So tonight for a little fun we rode our bikes to Gene's Grandma Na's. This is about 1.3 miles from our house. Not that far really unless you are a 3 year old just learning how to ride a bike. With training wheels. Jesse did so good. A little slow and scary at some points, ie riding in the road, cutting in front of a car. You know just the usual stuff for Jesse.
I did pull the empty stroller in case he couldn't make it, who was I kidding this is Jesse we are talking about. No is not an option with this kid.
Us in front of Grandma Na's. James was pouting so he is not in the picture.
Notice the only one with a helmet on?????
Jesse did this himself. He wanted it on, at one point he took it of and then went about 20 feet and we had to stop again so he could put it back on.
Such a good kid. Such a bad mom for not making my other 2 kids wear theirs.
(I don't think Kelty even has a helmet.)
Ok now that my hand hurts cause I just slapped it.
James just loving life.
Kelty yelling at me cause I was using her camera and she didn't want me to drop it.
Who does she think I am????
(I put spazzy Camille away for today, I think.)
Gene and Jesse, aren't they cute. Sorry the pictures are blurry but I was trying to ride and take pictures at the same time. I know, I know I have you all impressed now huh!
Jesse, Gene, Kelty and way up their is James. So fun!
I am sad and happy at the same time.
The other day at 7-peaks I got to hold my friend Steph's new baby (like 2 weeks old). I was thinking oh I want one of these.

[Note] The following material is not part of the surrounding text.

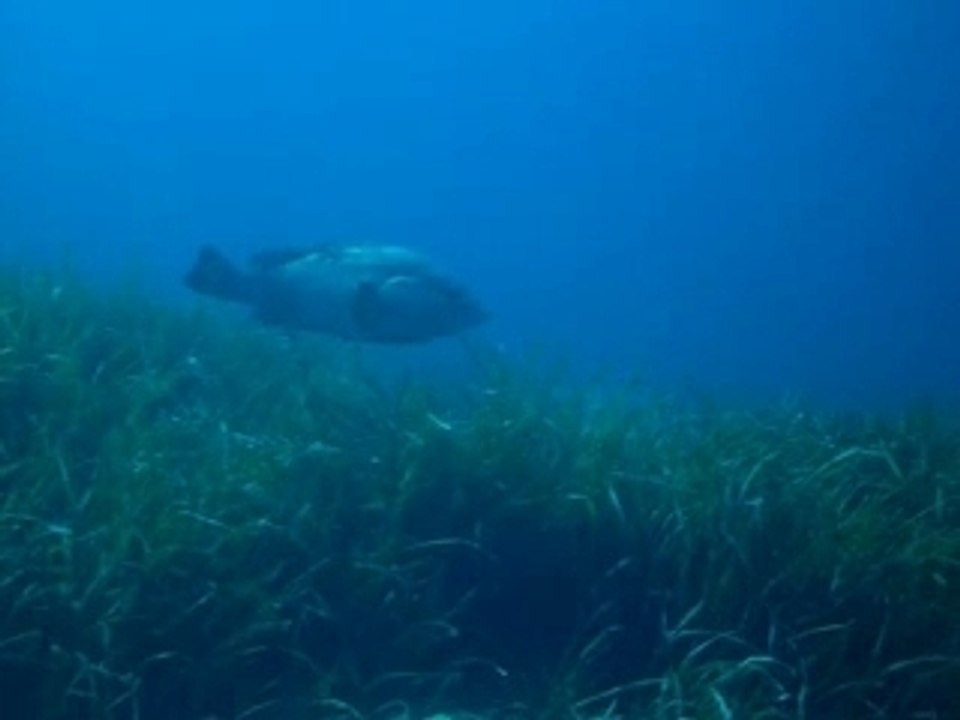 PLONGEE PORT CROS 07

Then I got to go on this awesome family bike ride with everyone on their own bikes. Who would have thought.
Just different seasons of life I know. I am glad to have these little moments when I can look back and realize that while I will never have another baby, I am enjoying these moments with my kids.
I am loving this new season for me. My kids are getting so old. This is good and bad.
I am liking the independent stage but I guess it is just the feel of being needed. Who would have thought, my kids are independent.
I loved having the newborns, the new smell new everything.
But as I write this I am realizing my kids are just in a new phase. Not newborn but new adventures await us. Who knows what they will be, good I hope. Bad we will deal with. In between ahhhhh sigh we would love but we will take whatever is thrown at us right??????